Chen Xi Qing, a professor at Shanghai Normal University, has studied the Yangtze for more than 20 years but has never seen anything like the current situation, which he calls a potential environmental and economic disaster.

"In the Yangtze, it seems that it has become dry," he said. "Most of the population, most of the economy are located in the middle and lower Yangtze River."

Roughly 500 million people depend on the river, which flows from Tibet through seven Chinese provinces and sustains cities like Chongqing, Wuhan, Nanjing and Shanghai, where the river empties into the East China Sea.

Farming gobbles up 60 per cent of the available water, but Chen said this year's extraordinary dryness has another explanation: global warming.

Ships grounded

Water levels are so low that more than 10 ships that normally sail the 6,300-kilometre waterway have been grounded over the past two weeks, the Beijing News reported.

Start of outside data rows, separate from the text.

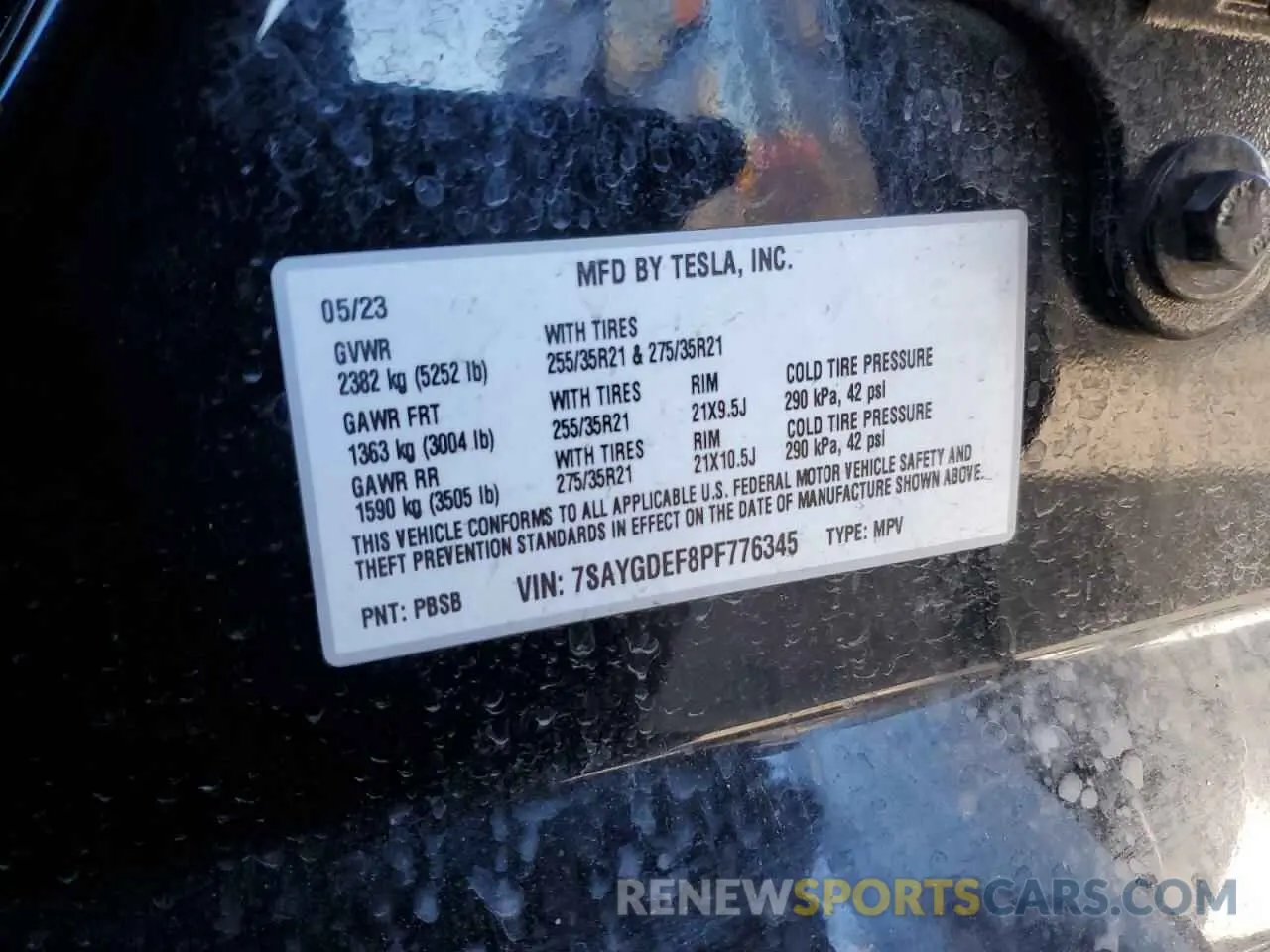 12 fotografías del automóvil dañado 7SAYGDEF8PF776345 TESLA MODEL Y 2023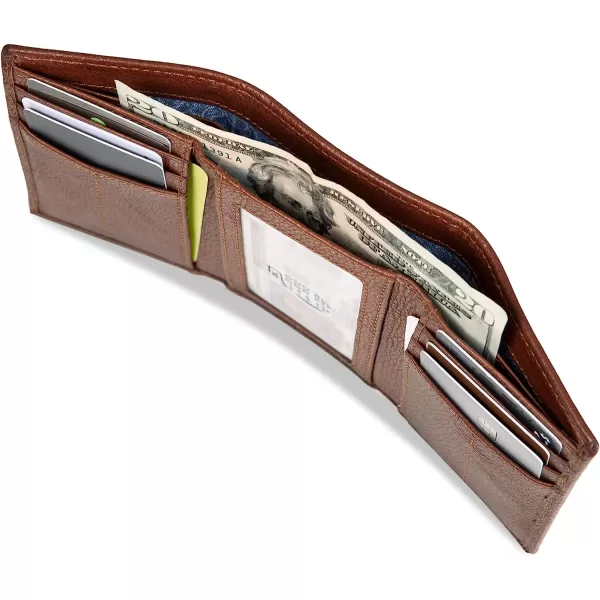 imageEddie Bauer Mens Signature Logo Leather Trifold Wallet with 6 Card Slots and RFID ProtectionTan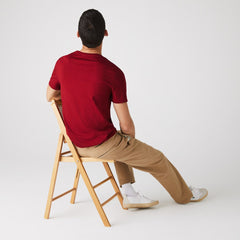 Mens   V-neck Pima Cotton T-shirt | Lacoste Bordeaux • Z1Q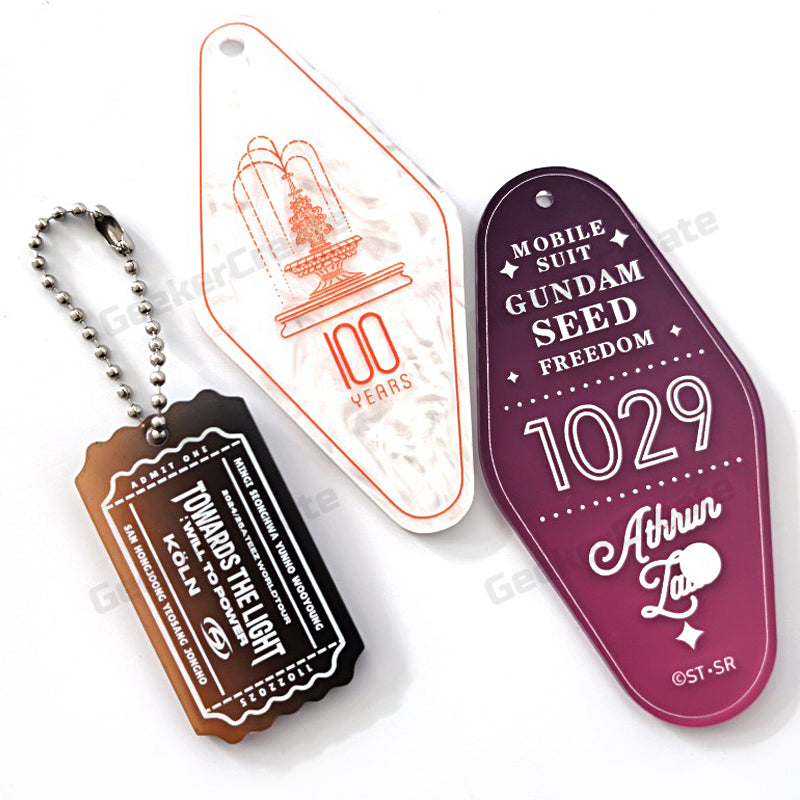 Custom Vintage Acrylic Keychains Glitter Motel Keytag with Your Logo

The situation is particularly dire near the city of Chongqing in central China, where its 30 million inhabitants have started limiting water supplies and are drilling wells to tap from reservoirs.

Pumping capacity at Shapingba Waterworks — one of the largest suppliers of drinking water — has plummeted in the industrial city and only one of 10 pipes used to pump water from the Yangtze was still in operation, the Xinhua News Agency reported.

The lack of rainfall and fast flows of fresh water also means pollution is fouling up the Yangtze more than usual.

"If the water levels in Yangtze and its upper tributary Jialing River continue to decline, we'll face a real crisis," Xinhua quoted an unnamed Shaping water bureau spokesman as saying.

The drought is expected to continue until the rainy season begins in May, Xinhua said.